Is it possible to survive off of a full time soap business? Ive been giving a lot more thought to the idea lately, maybe looking for an investor and seeing what I can pull up... Do you think one could pull $1100-1200/ month just soaping and making B&B products and the like?

Of course Im talking down the line for me, Im no where near ready to do that..but just as a goal to work towards, Id like to know if its feasable maybe from those who do run businesses??

(Im not asking you to tell me what you make a month because I know thats sensitive info, if youd like to share go ahead and PM me but Im not asking for it )

soooo sick of working in this corporate rat race world! I want to make soap, sell it...and when Im not soaping maybe make some home-made italian ices to sell on the beach lol...so what do you think?


----------



## Guest (May 14, 2008)

I soap as a part of my growing farm-type operation and even though I'm not currently doing it full time I have acquaintances who do and that is what I am working toward.  In order for it to work though, it has to be big.  We're talkin' gift shops, farmers markets, craft fairs, winaries (sp?), and tours.  You might want to check out Sunshine Lavender Farm (google).  They come to my farmer's market sometimes.  I've seen their stuff and its WAY overpriced, but thats their business.  Anyway, the interesting thing is that when she comes, I don't sell any less soap.  I think its because her 4oz bar is $8 and mine is $5.  So, it is totally possible and an excellent goal to aspire toward!


----------



## Tabitha (May 14, 2008)

I have seen it done. It all about how well you promote yourself.

I do not promote, that is my problem. I probably promote myself 3-4 hours a week & it's all online.


----------



## Tabitha (May 14, 2008)

Remember this thread? http://soapmakingforum.com/forum/viewtopic.php?t=2702


----------



## WilsonFamilyPicnic (May 14, 2008)

its possible and the speed at which you do it is up to you, like tab said, its partly about how agressive you are about marketing yourself.  i have been doing massage "part time" for over 3 years. the first 2 i was workign a full time job so i only had so much time to do massage and that's exactly how i treated the business - as a part time on the side thing so i didn't put that much effort into marketing it. although, i kept thinking i wish i could do this full time.....at this point i am way more agressive about marketing myself and looking for referrals and doing health fairs and trying to get myself out there and known.

so, its something that, like most other hobby-craft-type jobs, you start off part time and then work towards full time at the pace you want to....one day you'll hit a point where your side business takes off enough that you can cut the corporate cords....or you hit a point where you have to quit the 9-5 job before you kill someone....either way, the results you desire!  :wink:


----------



## IanT (May 14, 2008)

lol remember it!?! Never even knew it existed but thats awesome!!. Alright, this is on this list as a major goal of mine now that I know its possible.

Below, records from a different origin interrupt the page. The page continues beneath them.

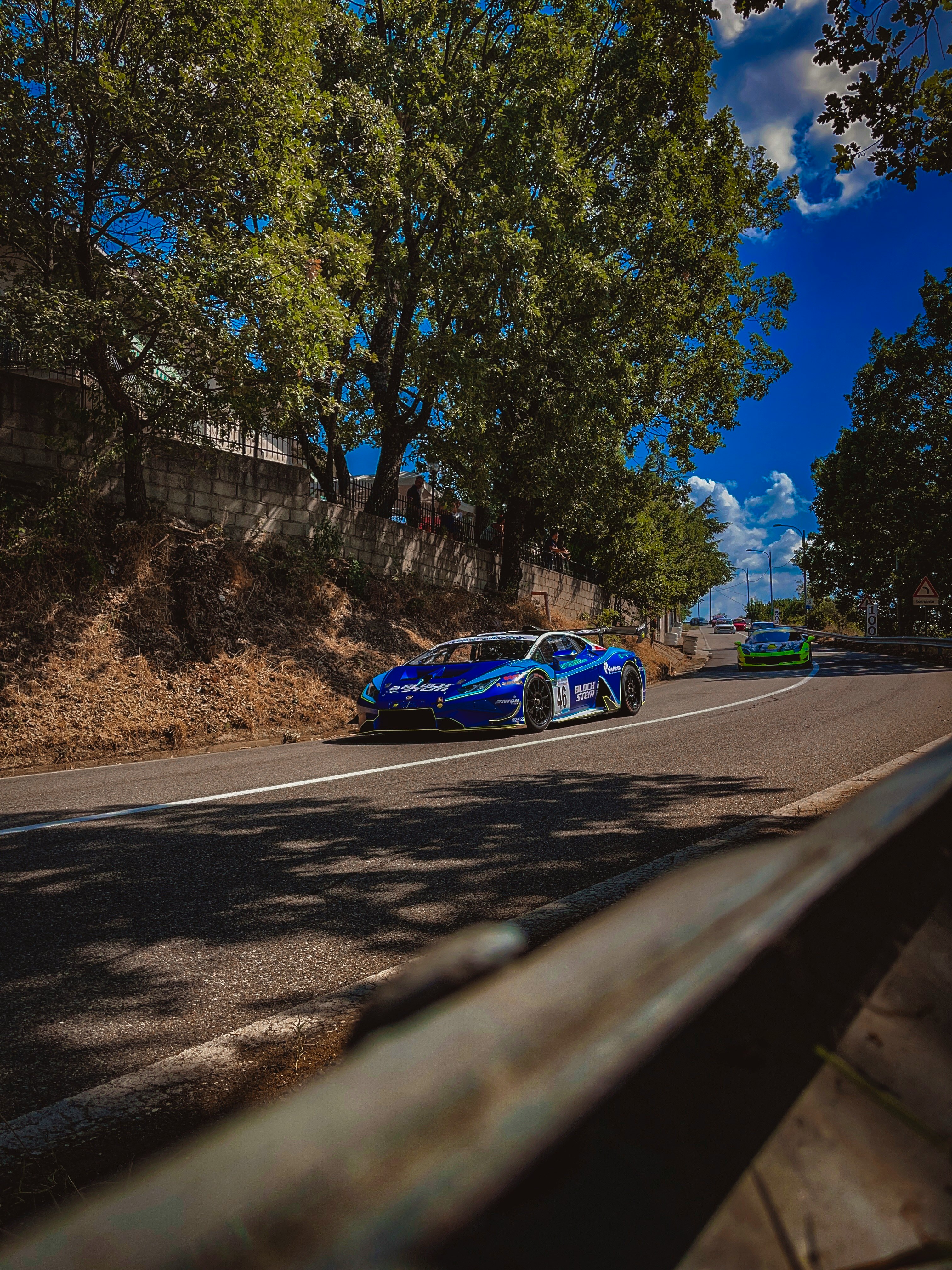 blue and white coupe on road during daytime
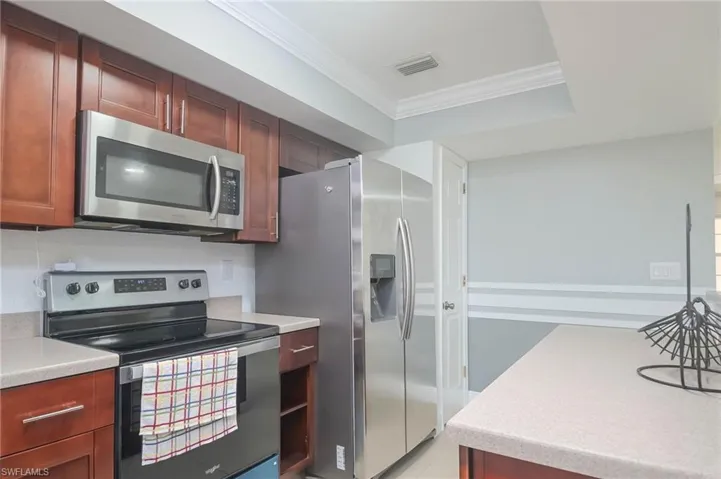 Kitchen featuring appliances with stainless steel finishes and crown molding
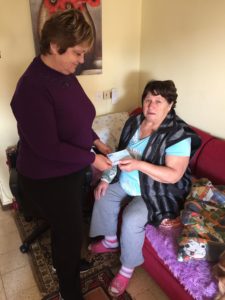 Leah giving check Raphael Billadarsky  (waited 8 months & had heart attack- no coverage, 80,000 shek bill)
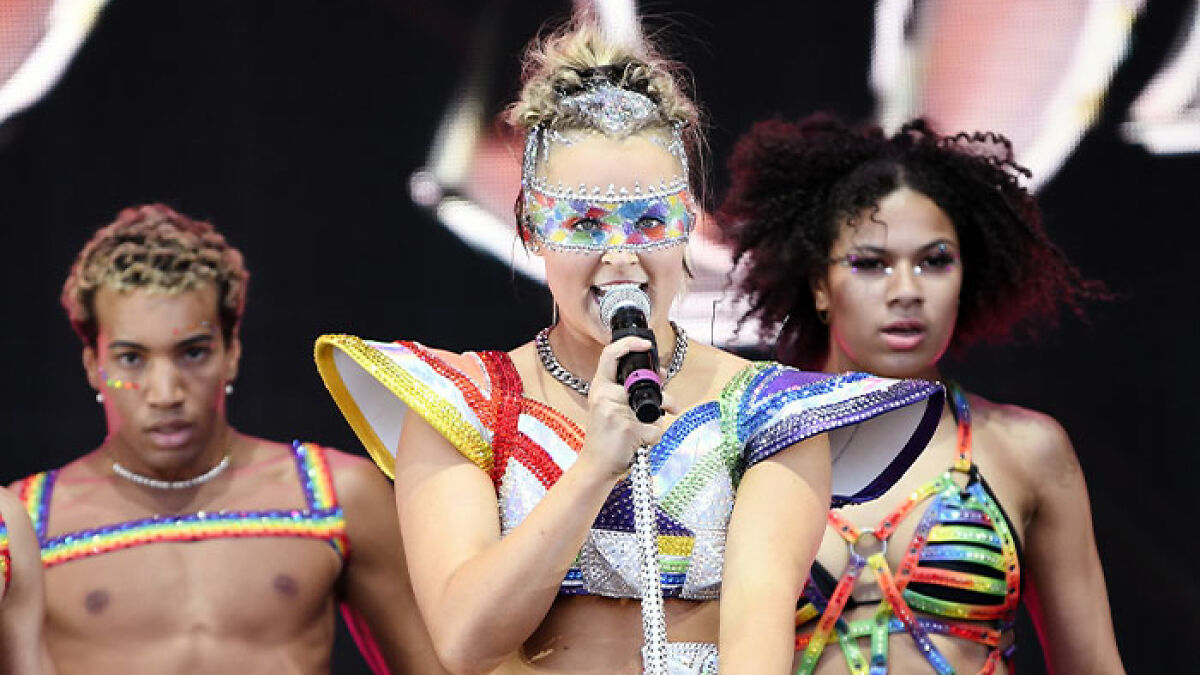 JoJo Siwa performing on stage with dancers, wearing colorful futuristic costumes and a decorated face mask.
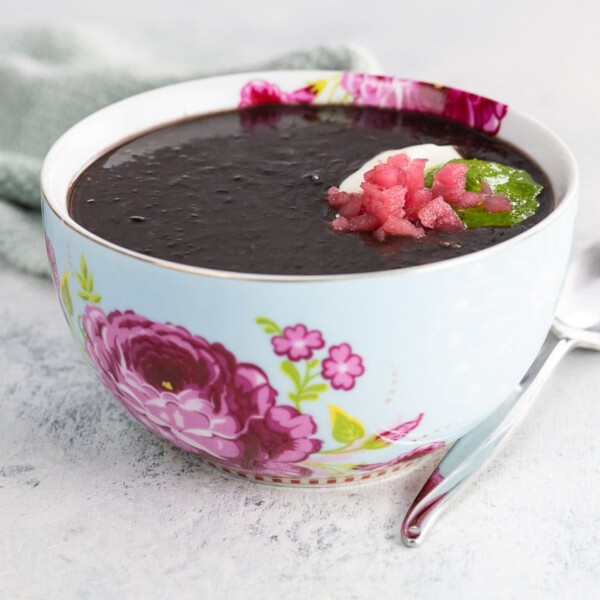 vegan black bean soup in a bowl with a spoon and napkin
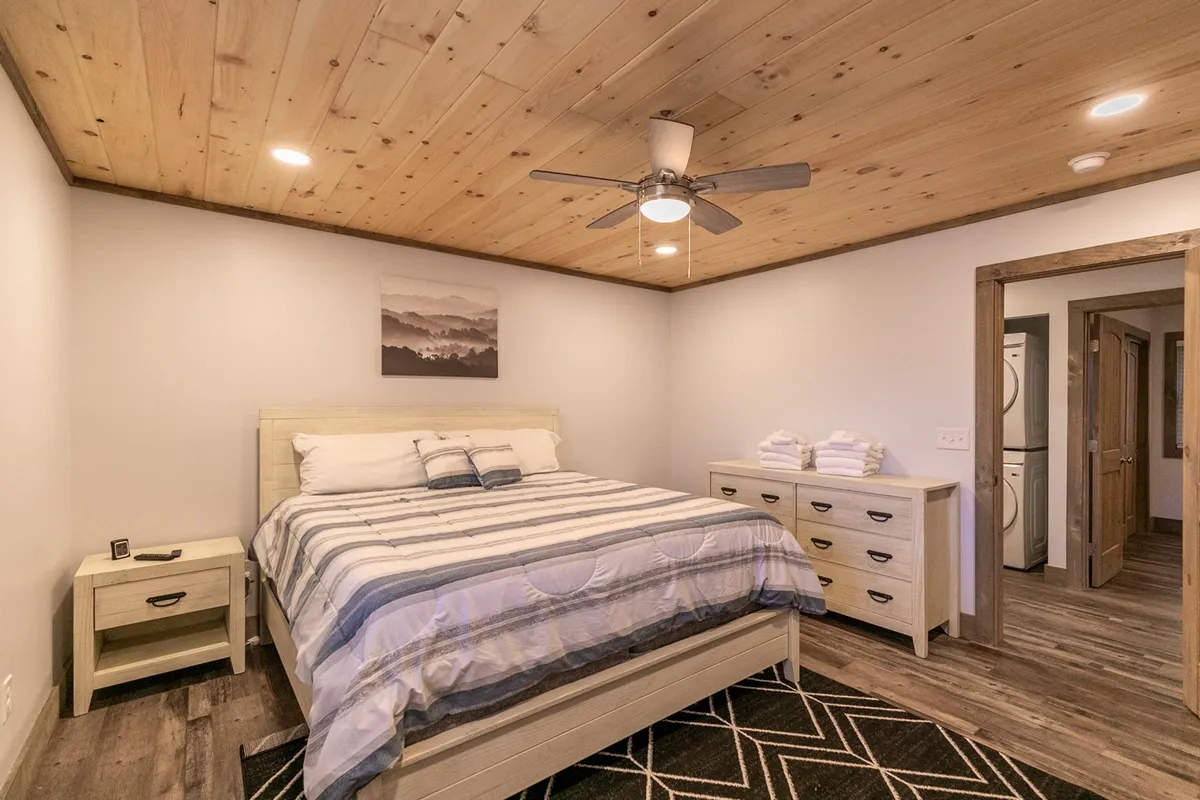 A calm and restful bedroom featuring a well-made bed, dresser, ceiling fan, and tasteful artwork. Soft daylight creates a soothing environment ideal for unwinding.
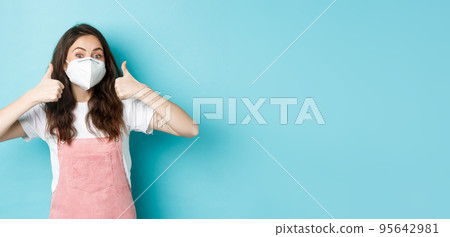Covid, health and pandemic concept. Cheerful young woman in respirator showing thumbs up in approval, recommend something, standing against blue background 95642981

I ve just got to develop a vast line of products... once i get the CP and HP down I want to try some B&B stuff like making your own shaving cream and all sorts of other stuff...I have the mind for it I just need to develop the finances... 

ahhhh Id love to do that full time though, I work well with people so the word of mouth thing is easy for me, I just need to have the things to promote..then woosh im off 


alright...now youve got me excited


----------



## sunflwrgrl7 (May 14, 2008)

Ian, I love your enthusiasm, it's fantastic!


----------